Re: [PATCH V9 2/3] audit: implement audit by executable

From: Richard Guy Briggs
Date: Fri Aug 07 2015 - 02:25:44 EST


On 15/08/06, Paul Moore wrote:
> On Wednesday, August 05, 2015 04:29:37 PM Richard Guy Briggs wrote:
> > This adds the ability audit the actions of a not-yet-running process.
> >
> > This patch implements the ability to filter on the executable path. Instead
> > of just hard coding the ino and dev of the executable we care about at the
> > moment the rule is inserted into the kernel, use the new audit_fsnotify
> > infrastructure to manage this dynamically. This means that if the filename
> > does not yet exist but the containing directory does, or if the inode in
> > question is unlinked and creat'd (aka updated) the rule will just continue
> > to work. If the containing directory is moved or deleted or the filesystem
> > is unmounted, the rule is deleted automatically. A future enhancement
> > would be to have the rule survive across directory disruptions.
> >
> > This is a heavily modified version of a patch originally submitted by Eric
> > Paris with some ideas from Peter Moody.
> >
> > Cc: Peter Moody <peter@xxxxxxxx>
> > Cc: Eric Paris <eparis@xxxxxxxxxx>
> > Signed-off-by: Richard Guy Briggs <rgb@xxxxxxxxxx>
> > ---
> > include/linux/audit.h | 1 +
> > include/uapi/linux/audit.h | 5 +++-
> > kernel/audit.h | 4 +++
> > kernel/audit_tree.c | 2 +
> > kernel/audit_watch.c | 31 +++++++++++++++++++++++++
> > kernel/auditfilter.c | 53 ++++++++++++++++++++++++++++++++++++++++-
> > kernel/auditsc.c | 3 ++
> > 7 files changed, 97 insertions(+), 2 deletions(-)
>
> Merged, although some more minor whitespace tweaks were necessary for
> checkpatch. On a related note, if you're not running ./scripts/checlpatch.pl
> on your patches before sending them out, I would recommend it. It isn't
> perfect, but it can catch some silly things that we all do from time to time.

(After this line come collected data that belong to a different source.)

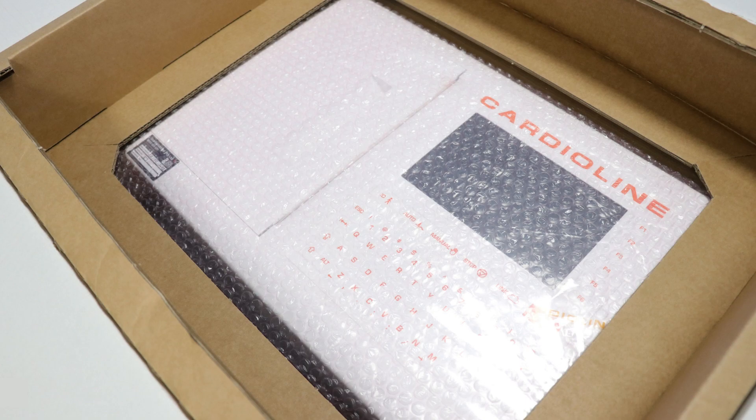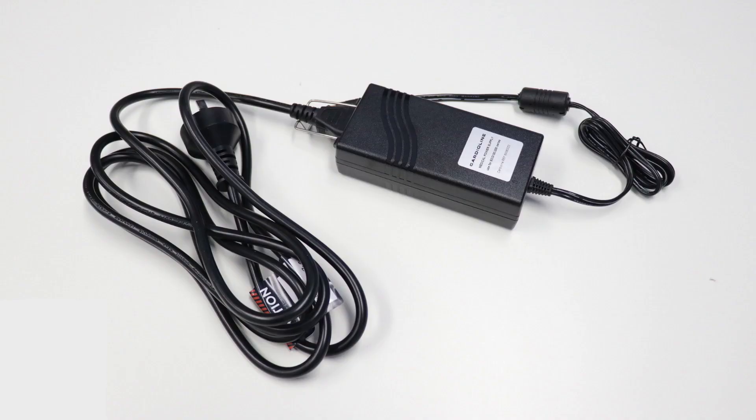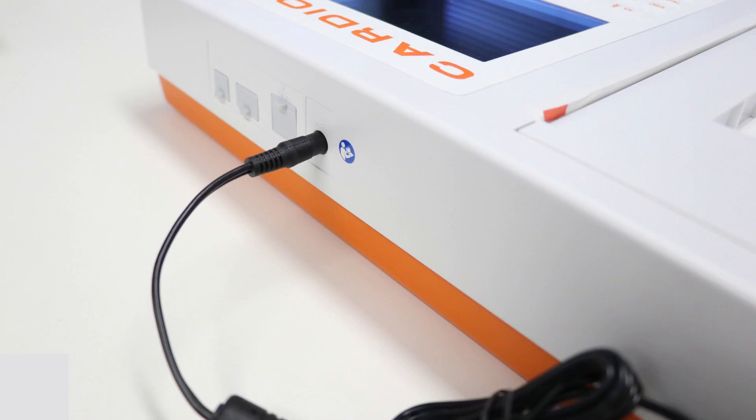If you remove the accessories box, you will see your ECG device located underneath. Remove the ECG from the protective bubble wrap and place it on the table. You should now have everything ready to set up your device. Take both black power cables and connect those together, then on the back side of the device, behind the screen, locate the power plug and insert the power cable into the CardioLine unit.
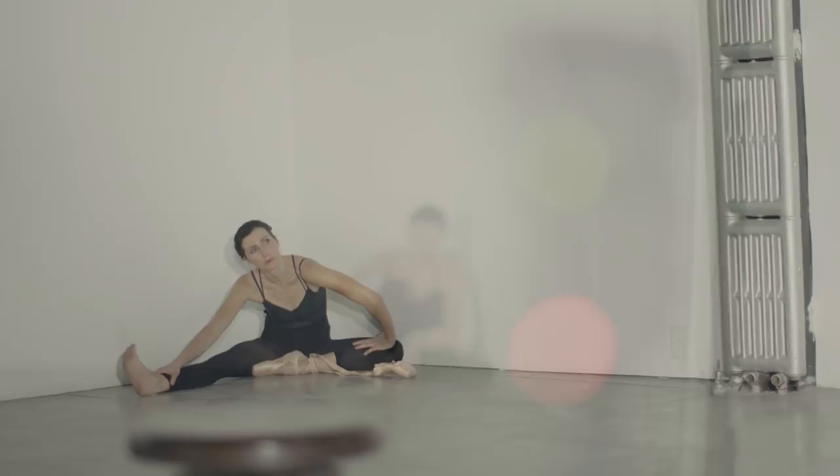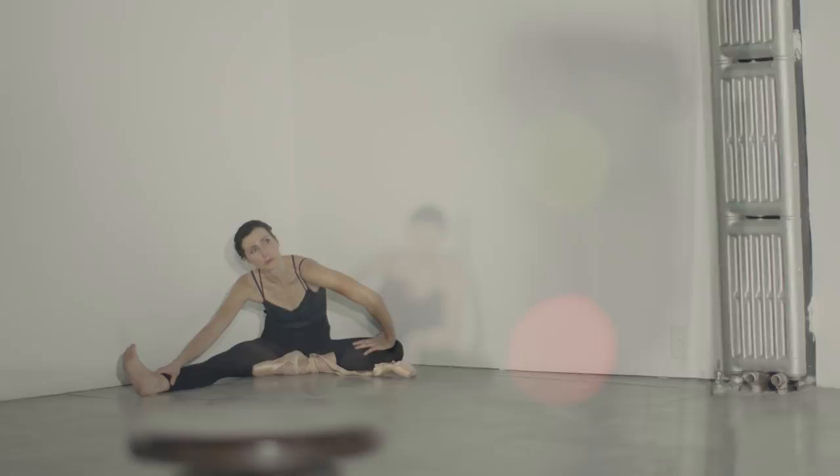The problem is, we're indoors at night, so there's obviously no sunlight coming through the windows. So I'm going to have to create my own sun, using only a flash. If I want to trick you into thinking it's really sunlight, I have to mimic three things: the quality, the direction, and the color of the setting sun.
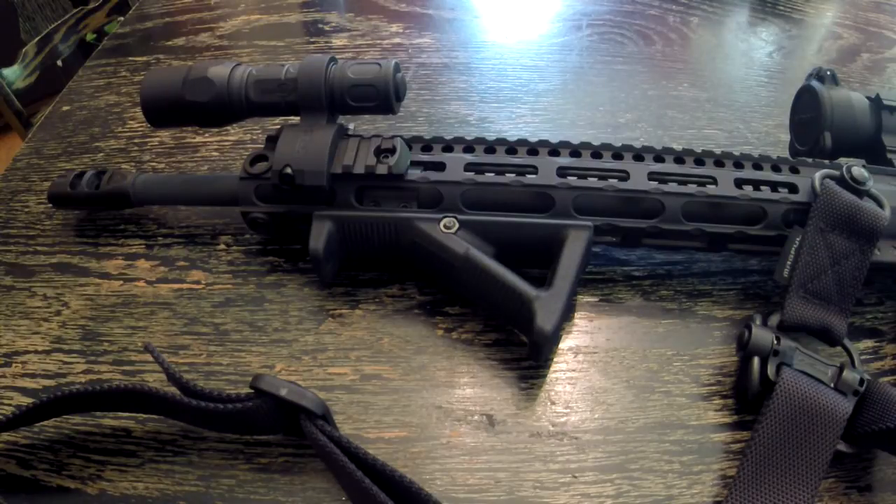The wear points on the bolt carrier group and all the sliding moving components needed a break-in period to polish up the components, remove some of the paint, anodizing, whatever needed to be done. So I found myself turning down the gas — I kept turning it down and turning it down.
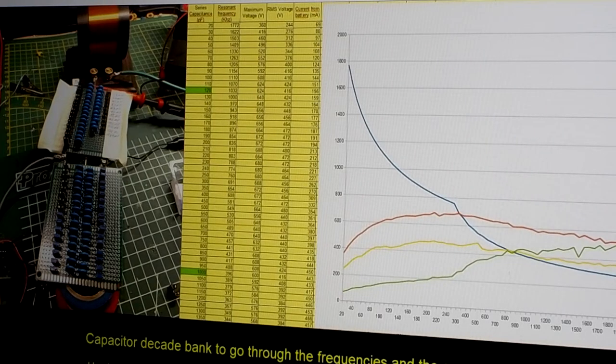Good day to you all. This video is about my first experiments with impedance matching. The reason why I think impedance matching can give us better results than retuning a circuit is because when we look at the graph I have made of a resonant tank circuit, where I use a coil and variable capacitors in series.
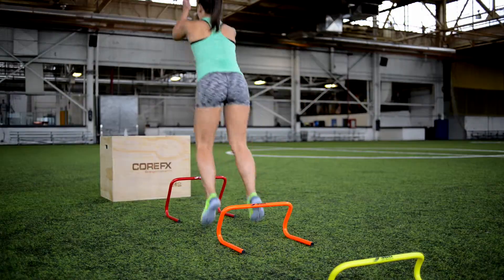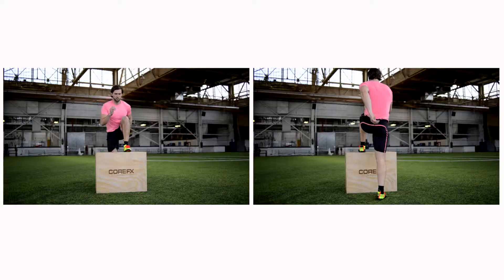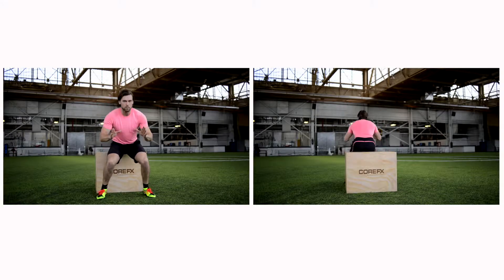Off the ground. Nice. Nailed that landing. One more time. Big power. Boom.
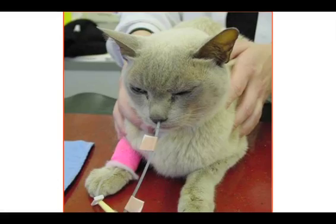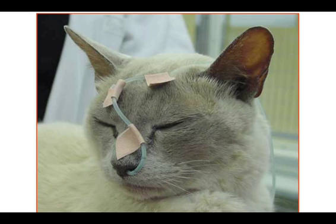Then we secure the tube — we put these little butterfly tape pieces on the tube where we're going to secure it to the cat's nose and the top of his or her head. Make sure you are quite in the middle of the nose so that it's not in their eye line too much. I would slightly criticise this image as having a little too much bandage and the tube being slightly in the cat's eye line — we want to try and avoid that.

No excuses... I have been running it pretty regularly and got lazy and
distracted with patch revisions. I can't say I agree with the no space
before closing round parenthesis due to legibility, but will comply.

> Also, one last thing. It is pretty late in the -rcX cycle to merge these two
> patches, but considering that we've been talking about these for a while, I'm
> reasonably okay merging them. In the future, if it isn't in audit#next by the
> time -rc5 is released, it isn't going to make the merge window.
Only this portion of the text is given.